To verify this assumption, we compared the sizes obtained from multichord stellar occultations to those from radiometric observations (Fig. 1). On average, the two techniques agree well, mainly for the smaller bodies (<1000 km), although the error bars coming from stellar occultation determinations are considerably smaller. The only significant outlier is Haumea, a tri-axial body, known as a very complex system with moons and ring, which needs to be considered when individual results from the two techniques are compared. The direct comparison, as presented here, does not consider systematic effects that can affect radiometric data, such as the presence of satellites and observations in different aspect angles or at different heliocentric distances. Even so, radiometric sizes can be used as a good prior to obtain the object position from a single-chord event. If the object presents high oblateness, it will also affect the derived position by some value lower than half of its apparent size, that is, several mas. It could be considered as an additional error, but because of the lack of information, this is not considered in this work.
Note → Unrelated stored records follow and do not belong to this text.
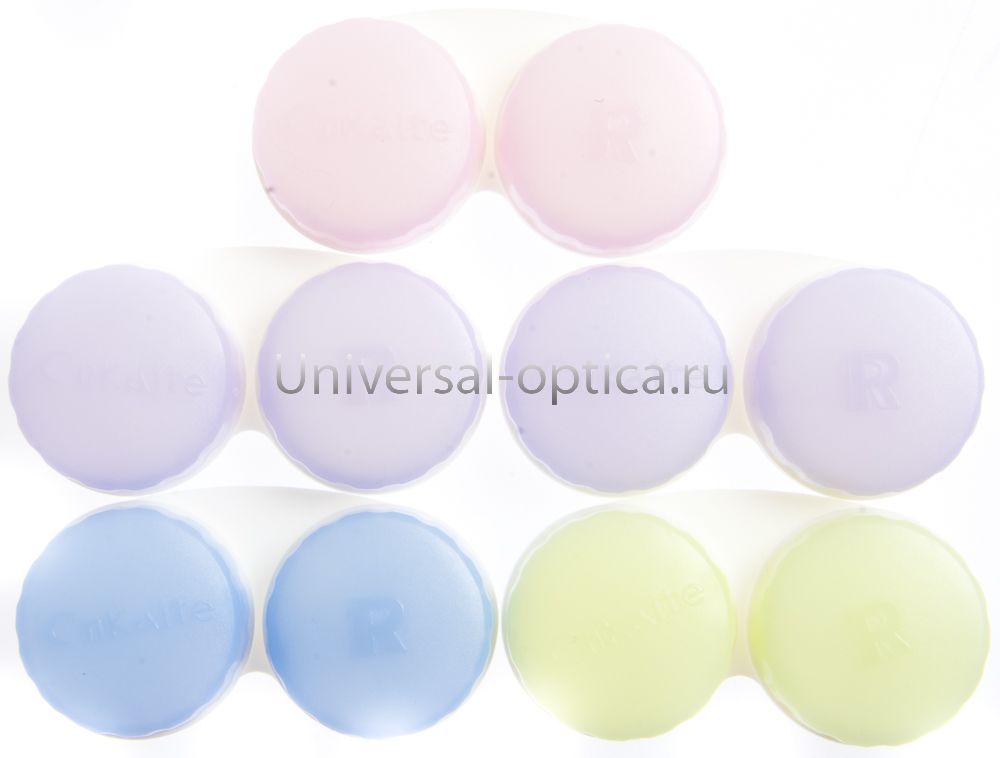 Контейнер для МКЛ SL-928 mini дно рифленное (упаковка 5 шт.) от Торгового дома Универсал || universal-optica.ru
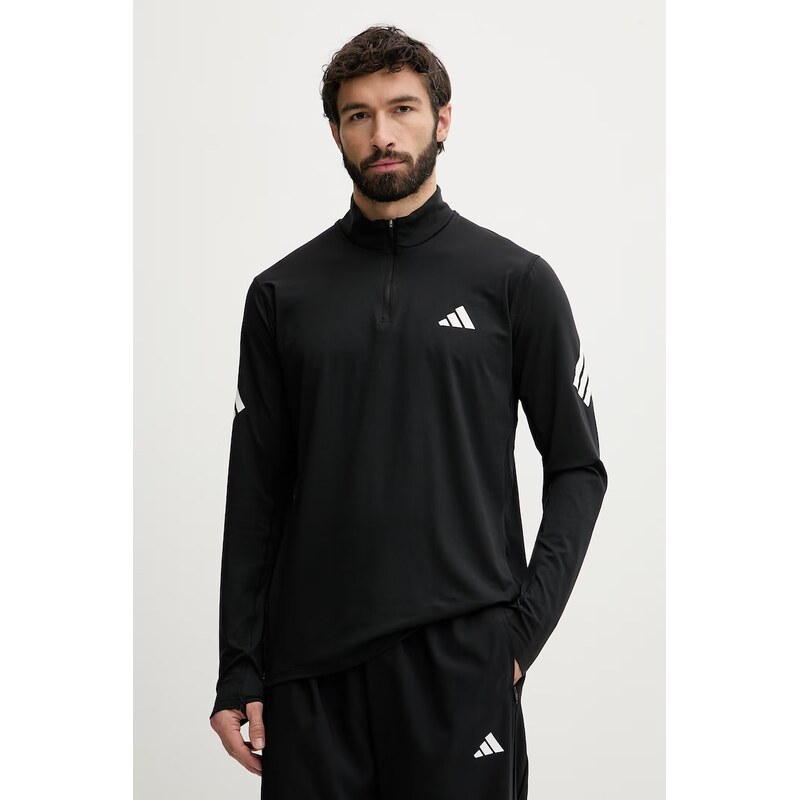 adidas Performance tréningová mikina pánska adi365 67824436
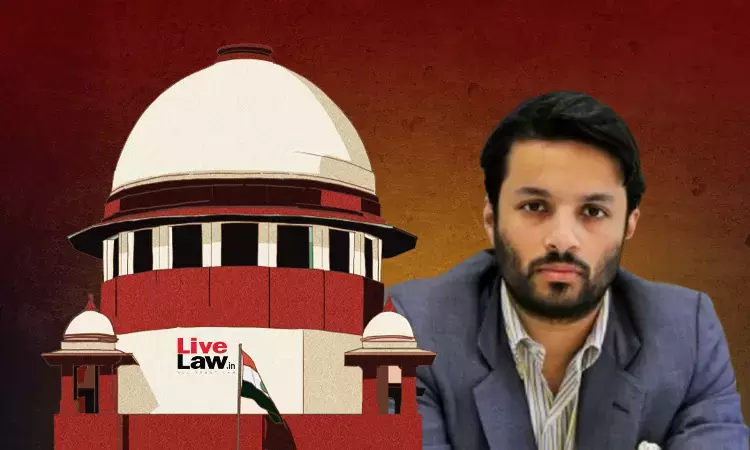 Supreme Court Stops Magistrate From Taking Cognizance Of Haryana Police Chargesheet Against Prof Ali Khan Mahmudabad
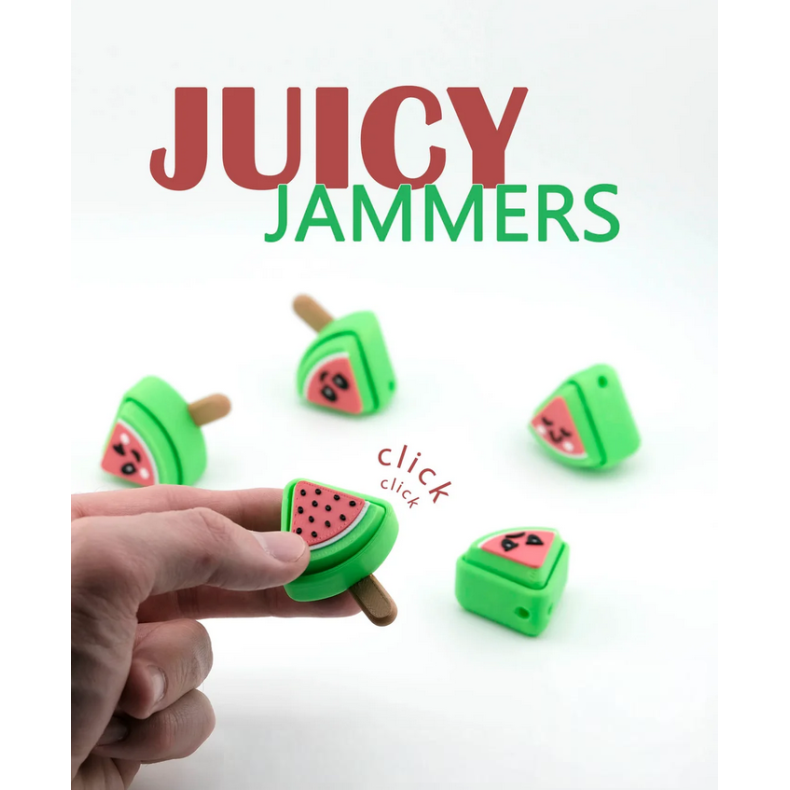 Juicy Jammers � Clickers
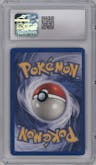 Squirtle from the 1999 Pokemon set graded by CSG and given an overall grade of 8.5.
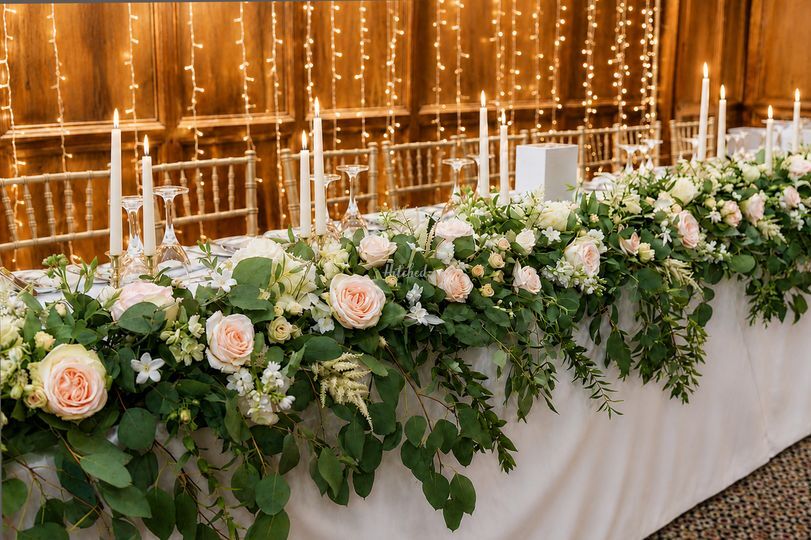 Natasha Coustol Floral Designs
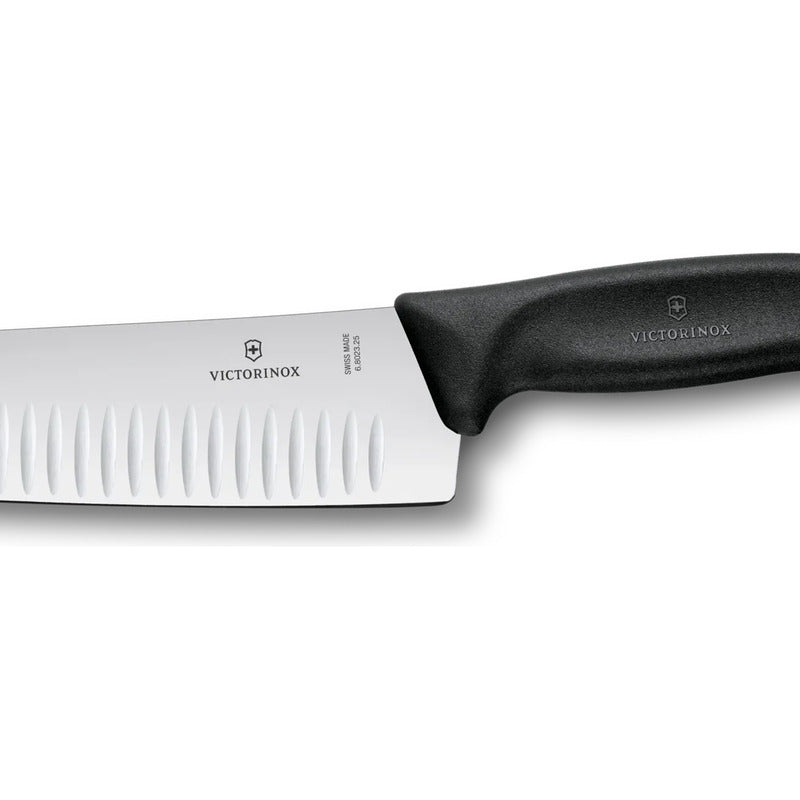 Cuchillo Swiss Classic Con Alvéolos 6.8023.25g Victorinox® Plateado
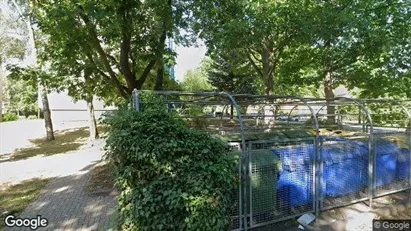 Apartments for rent in Gera - Photo from Google Street View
A single-chord event has an ambiguity in the hemisphere of the body that occulted the star, leading to two different and equally valid solutions (Fig. 2). When this is the case, we list two astrometric positions in Table 3, one for each hemisphere. This ambiguity may be broken when a close negative chord7 is available, but this is rare. Only 5 of the 23 single-chord events had close negative records: Eris (29 August 2013), 2007 JJ43 (11 July 2019), 2017 OF69 (27 August 2019), Bienor (02 April 2018), and Chiron (29 November 2011). Chiron is described by Ruprecht et al. (2015).

In the stellar occultation by 2002 VE95 detected on 3 December 2015, only one chord was detected. The length exceeded the upper limit of the best diameter available in the literature (Mommert et al. 2012). An ellipse was fit to maintain the same equivalent area, with the chord as the equatorial diameter, and only one astrometric position is therefore provided in Table 2 (see the discussion in Sect. 5.1).

A single visual observation of a stellar occultation by the TNO 2005 TV189 was reported on 13 November 2012. The observer reported two drops in the stellar flux, giving two consecutive chords with ~50 km, separated by 403 km. The mean astrometric position between the two consecutive chords is provided in Table 2. The given error corresponds to the difference between the first ingress and last egress times projected on the sky plane (for further information, see Sect. 5.3).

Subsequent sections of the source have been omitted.